The challenge of building world models is the paucity of sufficient data.
In contrast to language, which humans have refined and documented over centuries, spatial intelligence is less developed.
“If I ask you to close your eyes right now and draw out or build a 3D model of the environment around you, it’s not that easy,” she said on the “No Priors” podcast.”We don’t have that much capability to generate extremely complicated models till we get trained.”
To gather the data necessary for these models, “we require more and more sophisticated data engineering, data acquisition, data processing, and data synthesis,” she said.
That makes the challenge of building a believable world even greater.
Advanced Machine Intelligence (AMI Labs)
LeCun, who is leaving his post as the chief AI scientist at Meta at the end of the year to launch his own startup called Advanced Machine Intelligence, has long been fixated on world models, which he says are more competent than large language models because they have common sense, the capacity to reason and plan, and persistent memory.
In a November LinkedIn post announcing his new venture, LeCun said the company’s goal is to “bring about the next big revolution in AI: systems that understand the physical world, have persistent memory, can reason, and can plan complex action sequences.”
On December 19, LeCun said on LinkedIn that he was recruiting Alex LeBrun, the cofounder and CEO of Nabla, an AI assistant for clinicians, as CEO of AMI Labs.
In a Nabla press release announcing the transition, LeBrun said, “Healthcare AI is entering a new era, one where reliability, determinism, and simulation matter as much as linguistic intelligence.”
“This partnership builds on that shared vision and gives Nabla privileged access to world model technology that will complement today’s LLMs and help unlock the safe, autonomous systems clinicians need,” he added.
Prior to the launch of AMI Labs, LeCun and a small team of researchers were working on a similar project at Meta, using video data to train models and run simulations that abstract the videos at different levels.
“The basic idea is that you don’t predict at the pixel level.You train a system to run an abstract representation of the video so that you can make predictions in that abstract representation, and hopefully this representation will eliminate all the details that cannot be predicted,” he said at the AI Action Summit in Paris earlier this year.
Moonvalley
Founded by former DeepMind researchers, Moonvalley is a generative AI video startup that’s quietly developing its own world models.In March, it unveiled Marey, its first video-generation model.

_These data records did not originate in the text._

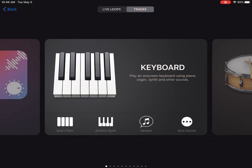Today we're looking at GarageBand and a really fun little tool called a sampler. Samplers were huge back in the 80s when keyboards first got enough computer processing power to record live sounds and play them back right away. You could change the pitch on them by pressing different keys, and that's what this does.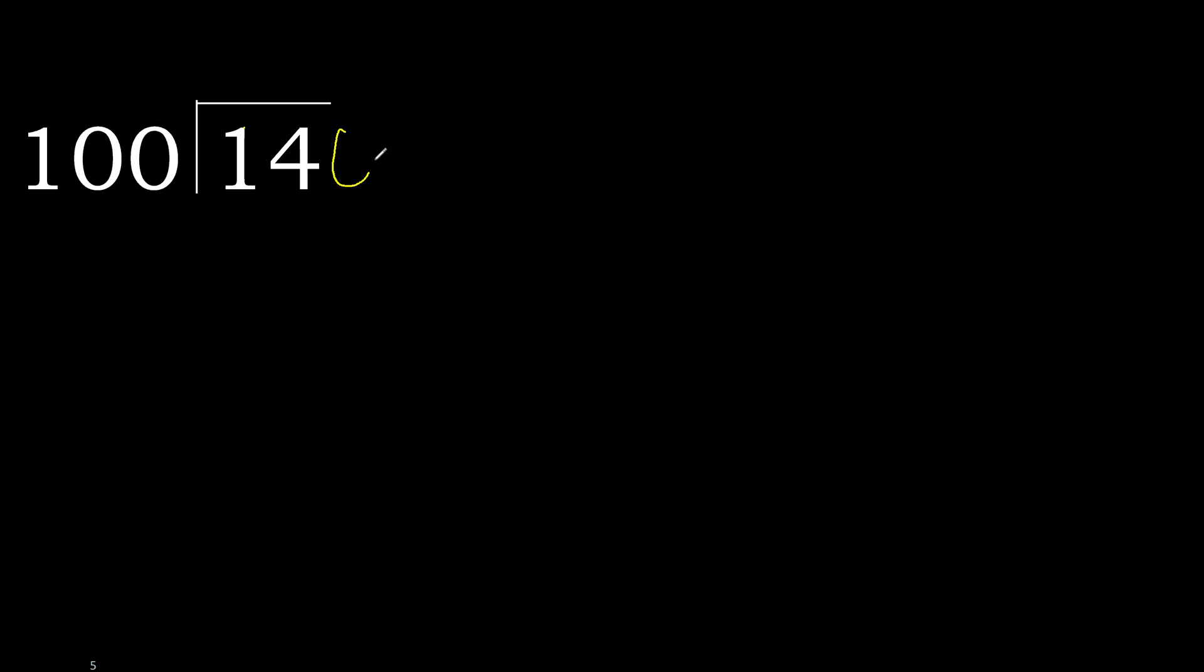That is not a number, therefore complete. Always complete with 0. Here, 0 point. 140 is not less, therefore work with 140.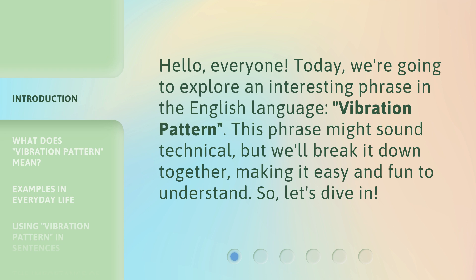This phrase might sound technical, but we'll break it down together, making it easy and fun to understand. So, let's dive in.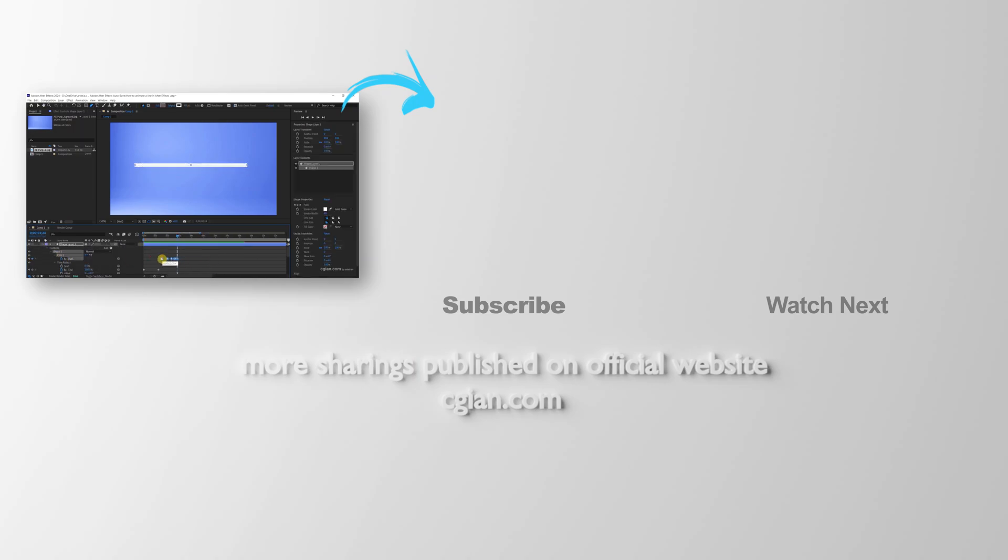Thank you for watching this video. Hope this helped. Please subscribe to this channel. More videos will be shared with you. I'm CJ Yang. See you in the next video.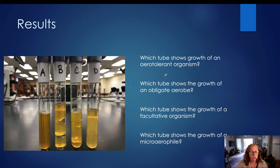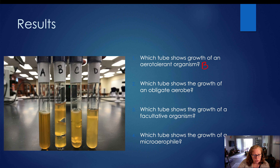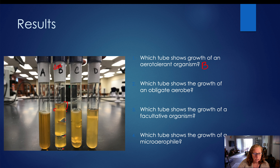Let's take a look at our review questions. Which tube shows the growth of an aerotolerant organism? The aerotolerant organism is organism B. Organism B is not growing on the surface — it's very clear until we get to a line partway down. Below that line, we have a lot of growth. As we move down the tube, you can see the cracks in the agar and even gas pressure buildup in the bottom of the tube. The bottom three quarters of the tube is cloudy with cracks from CO2 buildup from fermentation, but there's no growth at the top. So this is our aerotolerant organism.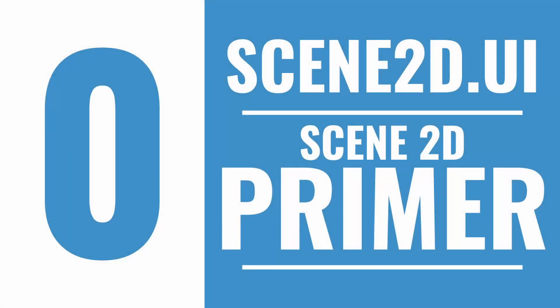The Scene2D Primer is not a comprehensive guide to Scene2D.UI. The goal is to introduce basic layout techniques and enough background to allow you to follow along in the rest of the series. Please stay tuned for the next chapter on buttons. Don't forget to check your corners, compadres.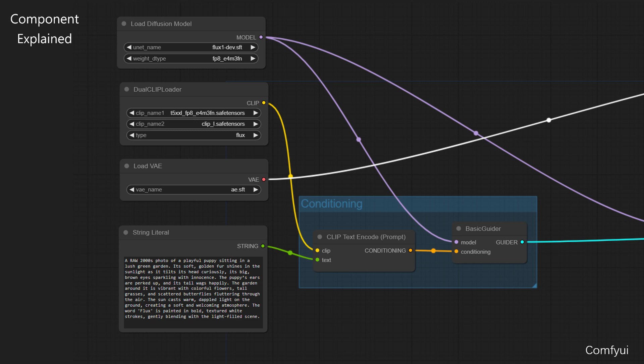The fifth component, ClipTextEncode. This component takes the text description you provide and encodes it into a format that the CLIP model can understand, which will guide the image generation process. It takes two inputs: Clip from Dual ClipLoader and Text from StringLiteral. It generates Conditioning, which can be sent to the BasicGuider component to assist in guiding the image creation process.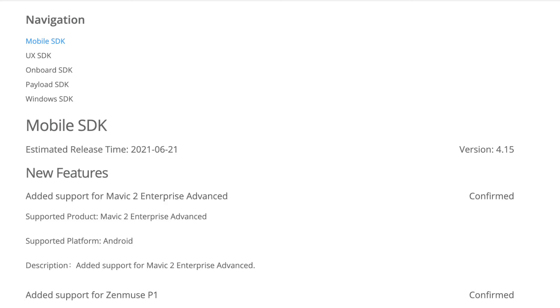Taking a closer look at the roadmap revealed that version 4.15 of the mobile SDK was estimated to be released on the 21st of June. I'm not really sure if they've already released it, but at least 4.15 does not contain support for the Mini 2. I will make sure to link to the DJI developer page so you can sign up yourself and gain access to the latest roadmap for the SDK.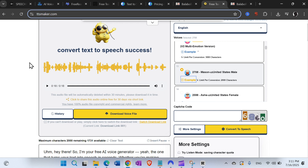So there you have it — I think I showed 10 or 11 different completely free text-to-speech and AI voice tools. I hope you found this video useful. If you did, please like and subscribe, and we'll talk some next time. Have a great day, bye bye.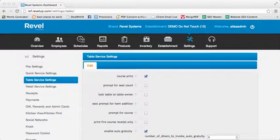Hello and welcome to the Revel Systems Video Training Library. With this video we will demonstrate how to set up your Auto Gratuity feature for Table Service Point of Sale.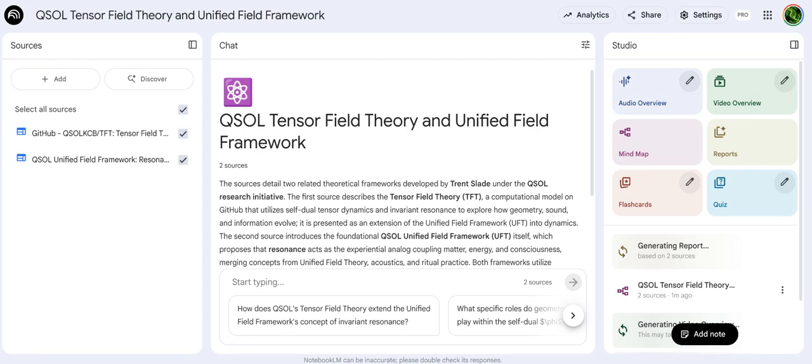Welcome to the deep dive. Today we're tackling something pretty ambitious. We're looking at source material that's a wild mix of advanced physics, computer science, and ancient human practices.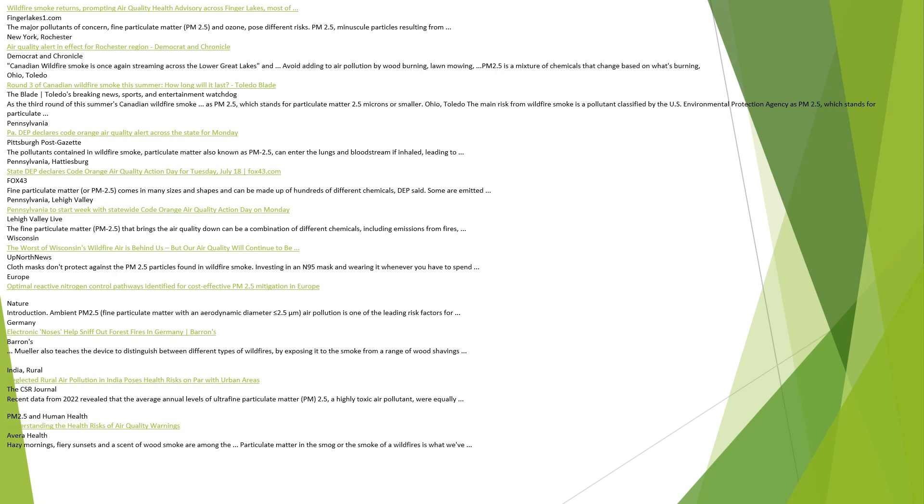PM 2.5 and human health. Understanding the health risks of air quality warnings, Avera Health. Hazy mornings, fiery sunsets, and a scent of wood smoke are among the signs. Particulate matter in the smog or the smoke of wildfires is what we've been monitoring.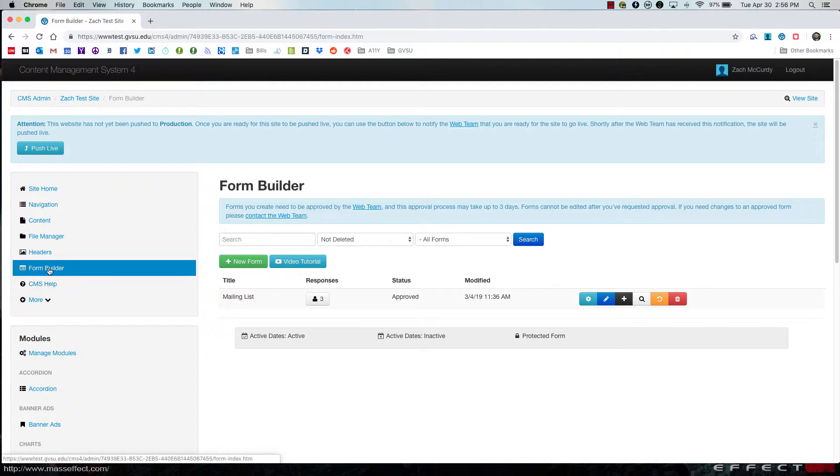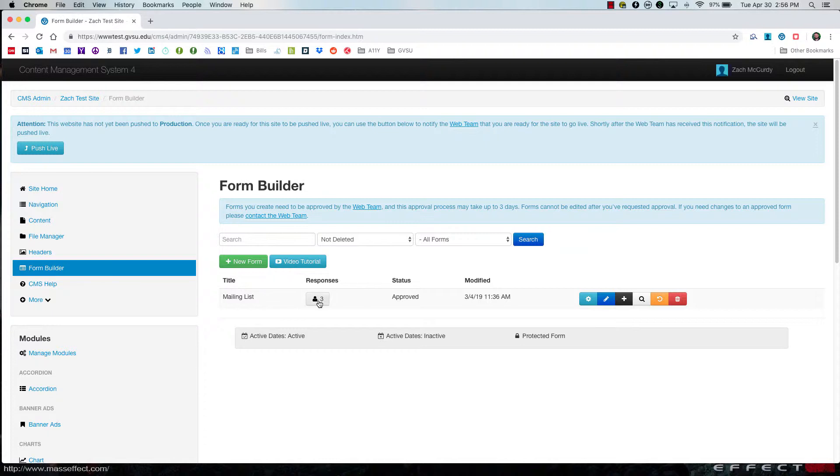First, I will click on the form builder on the left-hand side, and then I will click on the responses link that you see here.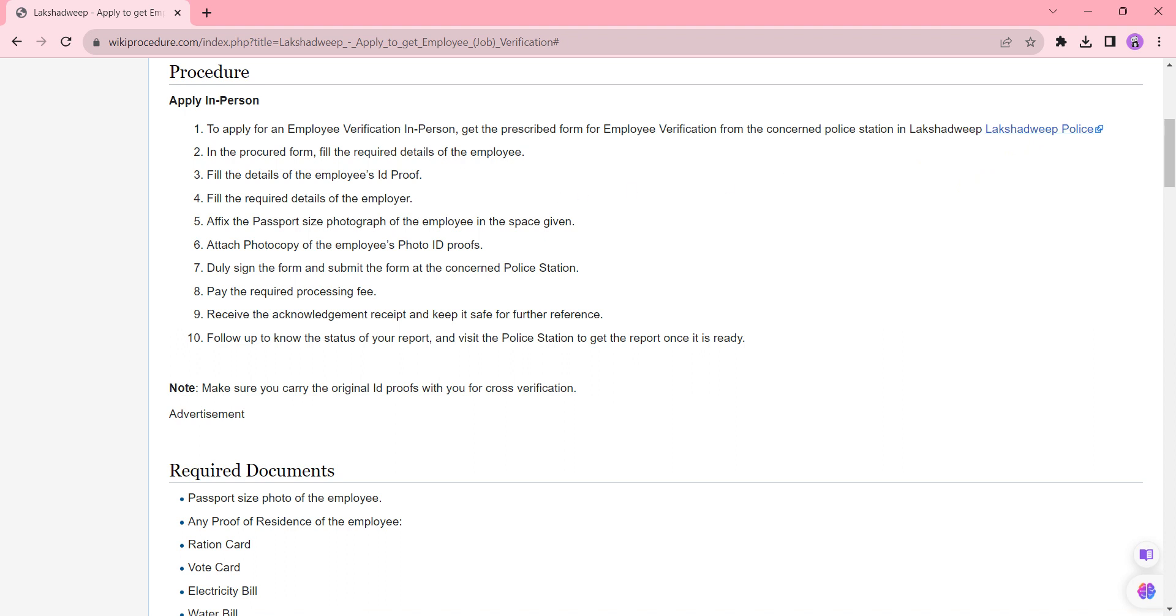So once you visit the police station you can collect the application form from the respective officer. Start filling all the necessary details in the application form. Incorrect or incomplete application form will not be accepted. Attach your photocopy ID and also we have provided necessary documents you need to attach with in the required document section.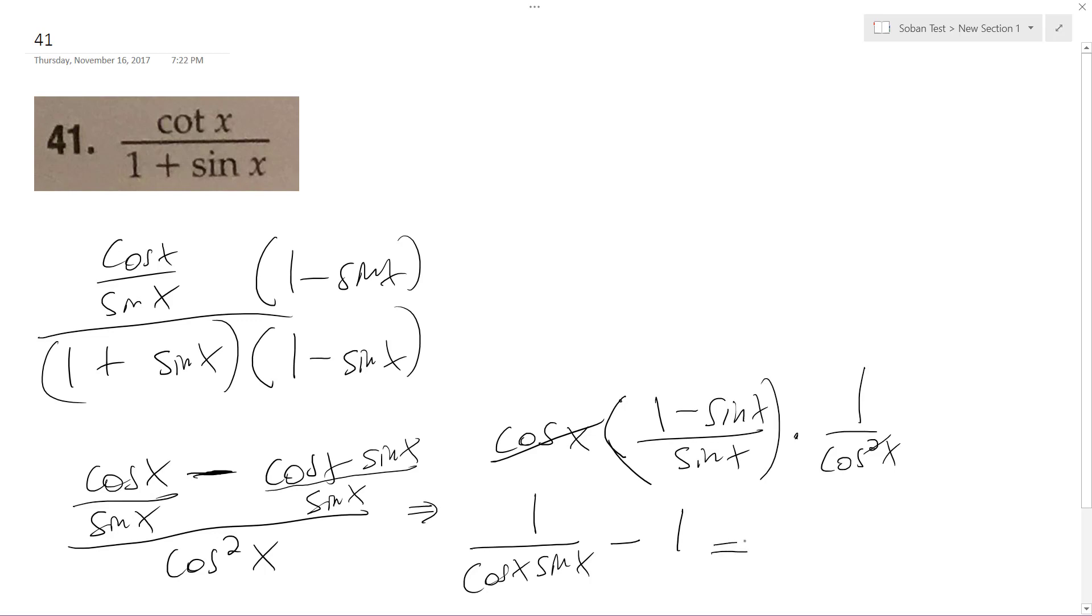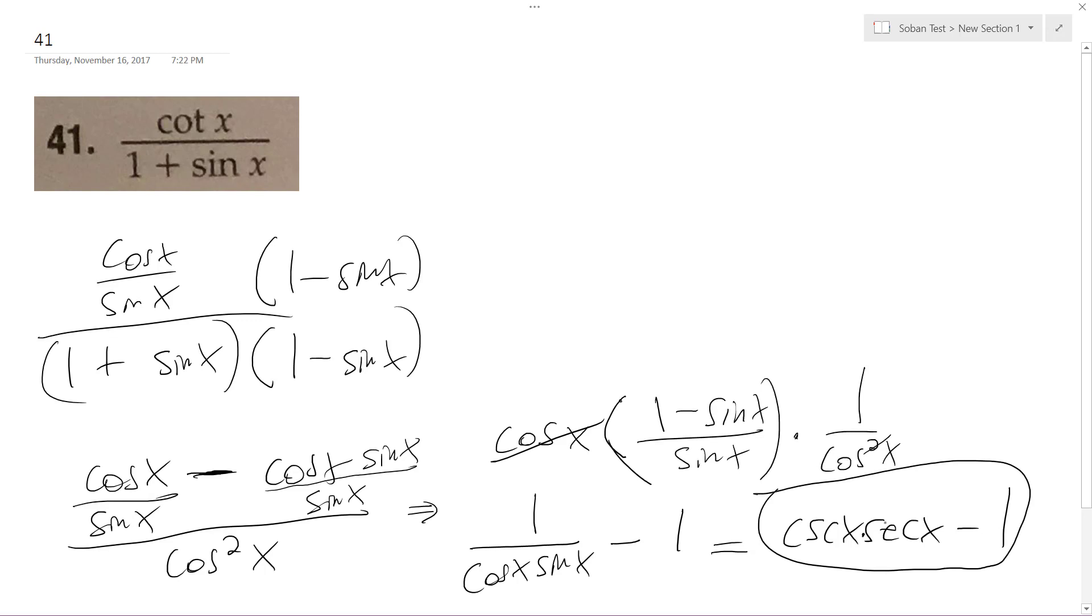So this basically just becomes cosecant x secant x minus 1 times, well, these times each other. Alright, that's it. Hope that helps.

“We’re thinking about world models and visual multimodal intelligence.
We want to move beyond purely visual systems into something broader — models that understand not just what they see, but how the world works,” Moonvalley’s chief scientific officer, Mateusz Malinowski, told Business Insider.
Applications for world models include humanoid robotics and real-world planning, he said.The company says it is already training robots on its world models.
In a follow-up email, Malinowski explained the differences between these newer world models and existing vision models, which are used for tasks from facial recognition to object tracking.
“I’d start with saying that vision model is a very broad term,” Malinowski wrote.”If we’re referring to text-to-video generation models, from my vantage point, these models can be seen as the first steps for world models.World models emphasize world simulation, adherence to physical reality, long-term consistency of the environment, and action-conditioned generation.”
That said, Malinowski notes key differences between the world models being built by Moonvalley and those under development at World Labs.
“I believe that long-term goals are the same, but we are approaching the problem of world modelling differently,” he wrote.”We focus on using video models as first-class citizens, where spatial intelligence is more implicit.In the short term, our approach seems more suited for filmmaking and robotics due to motion and soft bodies modelling.”.